Der Ermessensspielraum der Entscheidung einer Einspruchsabteilung, ob das Verfahren nach R. 84 (2) EPÜ fortgesetzt werden soll oder nicht, ist von dem viel engeren Rahmen zu unterscheiden, in dem die Beschwerdekammern über die Wirkung einer Zurücknahme eines Einspruchs entscheiden. Die Wirkung einer Rücknahme auf das Einspruchsbeschwerdeverfahren hängt davon ab, ob der Einsprechende der einzige Beschwerdeführer ist oder nicht. 1. Widerruf durch Widersnlegung: Nach dem Kodex der Bundesverordnungen, der das Markeneinspruchsverfahren regelt, kann ein Markengegner seinen Einspruch jederzeit vor Einreichung der Antwort schrifteins des Anmelders unbeschadet zurückziehen. wird der Einspruch nach Einreichung der Antwort zurückgenommen, so ist die schriftliche Zustimmung des Anmelders erforderlich, damit der Einspruch unbeschadet zurückgenommen wird. Ohne eine solche Zustimmung wird davon ausgegangen, dass der Widerruf des Einspruchs das Recht des Widersprechenden beeinträchtigt, zu einem späteren Zeitpunkt ein Verfahren wieder aufzunehmen. Dagegen hat die Rücknahme eines Einspruchs nach der rechtsprechungen Rechtsprechung keine unmittelbaren verfahrensrechtlichen Folgen für das Beschwerdeverfahren, wenn der Einsprechende Beschwerdegegner war und das angefochtene Patent durch die angefochtene Entscheidung widerrufen wurde (T 629/90, ABl. 1992, 654; gefolgt von zahlreichen weiteren Entscheidungen, darunter T 789/89, ABl. 1994, 482, T 194/90 und T 627/92 sowie in jüngerer Zeit T 46/10, T 727/10, T 2061/11, T 1216/12). In solchen Fällen hat die Kammer eine sachkundigen Prüfung der Entscheidung der Einspruchsabteilung durchzuführen und diese Entscheidung nur aufzuheben und den Einspruch zurückzuweisen, wenn die Einspruchsgründe die Aufrechterhaltung des erteilten Patents nicht beeinträchtigen.
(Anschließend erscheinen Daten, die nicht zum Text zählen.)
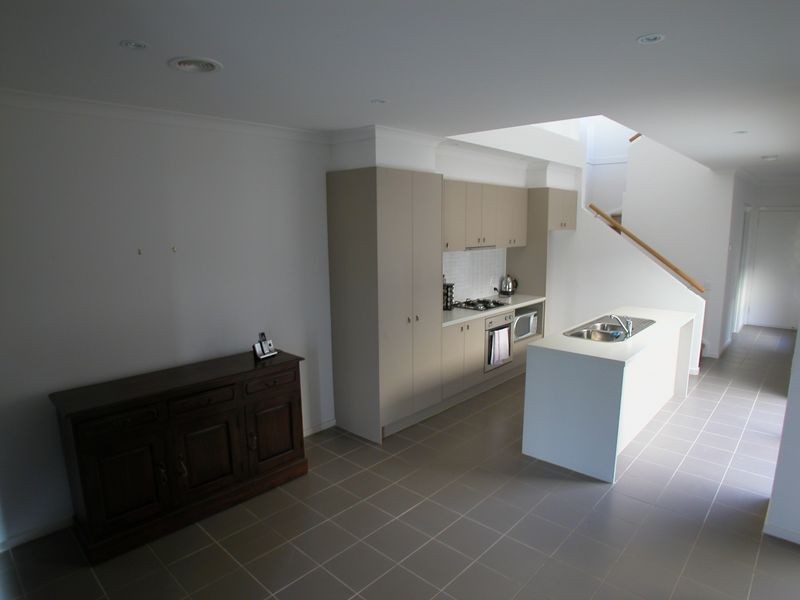 9 Hampden Green, South Morang VIC 3752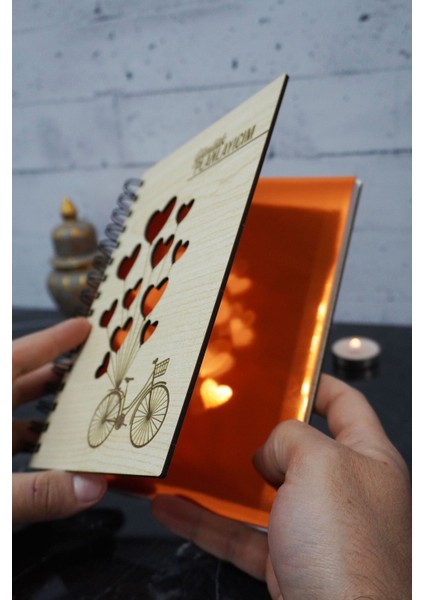 Bisiklet Kalp Balon Ahşap Plan Defteri - Süresiz Ajanda - Günlük Planlayıcı (Planlama Defteri) A5 fiyatları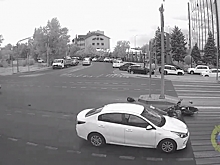 Момент столкновения мотоцикла и иномарки в Волгограде попал на видео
Die Prüfung der Kammer kann die Prüfung der von der Beschwerdegegnerin vor der Zurücknahme des Einspruchs vorgelegten Beweismittel umfassen (T 629/90, ABl. 1992, 654; siehe auch T 900/03, T 340/05, T 46/10, T 727/10, T 817/12). Nach T 46/10 kann die Kammer auch alle Argumente berücksichtigen, die der Beschwerdegegner (Einsprechende) vor dem Widerruf vorgebracht hat. In G 8/93 (ABl. 1994, 887) stellte die Große Beschwerdekammer fest, dass, wenn der Einsprechende als alleiniger Beschwerdeführer eine Einspruchserklärung einreicht, dies nur als Rücknahme der Beschwerde angesehen werden könne, die das Beschwerdeverfahren in allen Sachfragen sofort und automatisch beendete (G 7/91, G 8/91, ABl. 1993, 356 und 346). Dies geschah unabhängig von der Zustimmung des Patentinhabers. Das Verfahren wurde auch dann eingestellt, wenn nach Auffassung der Kammer die Voraussetzungen des EPÜ für die Aufrechterhaltung des Patents nicht erfüllt waren. Die Große Beschwerdekammer betonte die Unterscheidung zwischen der Befugnis zur Einleitung und Fortsetzung des Verfahrens und der Befugnis zur Klärung des Sachverhalts in anhängigen Verfahren. Nach ihrer Rechtsprechung war ersteres im Beschwerdeverfahren ausschließlich die Provinz des Beschwerdeführers, während letztere von der Kammer, die dem Art.